Really getting annoyed with this.

Every few days or so I will notice the phone coming out of "sleep" very quickly, and I quickly realize this is because the damn thing is not sleeping at all in fact!

I go ahead and check BetterBatteryStats and there is a big wakelock from *backup*.

After rebooting, it is back to normal but this happens far too often.

All I have seen for advice is to uncheck the "Google Backup and Restore" but I want Google to backup things like keyboard dictionary data, default sound/keyboard settings and my background etc etc and now even swiftkey.

Am I the only one getting this frequently?


----------



## Art Vandelay (Jan 4, 2012)

Never seen this one before.

Go through the all apps setting and maybe try FC/clearing cache/clearing data for the apps that are responsible for backup.

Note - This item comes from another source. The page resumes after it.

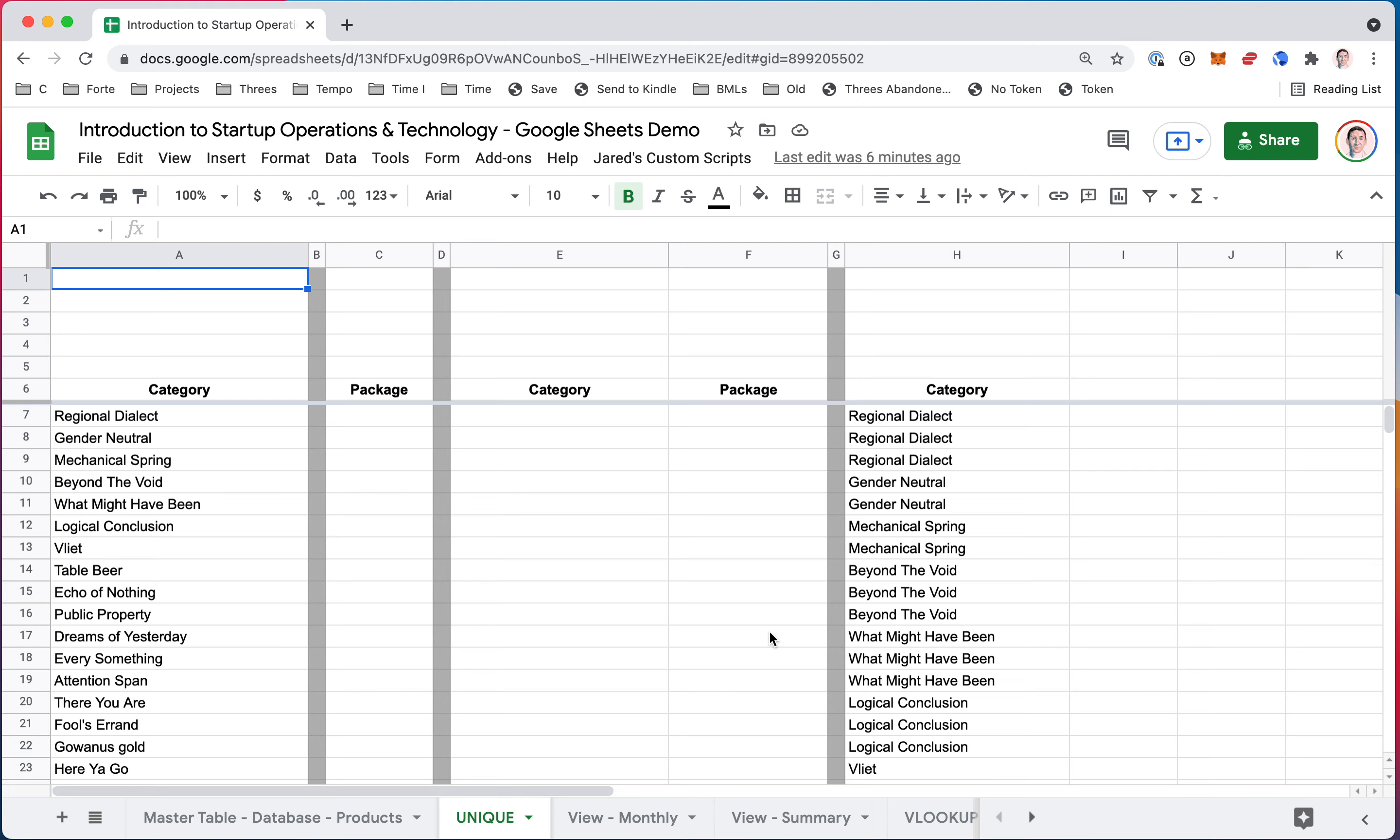Let's look at the UNIQUE function today. UNIQUE is a way to put a list of data into a function and get back a version of that list with all duplicates removed. It works on one column or more columns.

Sent from my Galaxy Nexus using RootzWiki


----------



## brkshr (Jun 16, 2011)

Maybe try a different ROM or kernel? My only guess would be to toggle backup like you said. Never seen that before.

Edit: maybe uncheck backup, reboot, then check it again later on. I heard that helps reset backup on googles end.

Swyped from my GNex


----------



## brkshr (Jun 16, 2011)

Double post


----------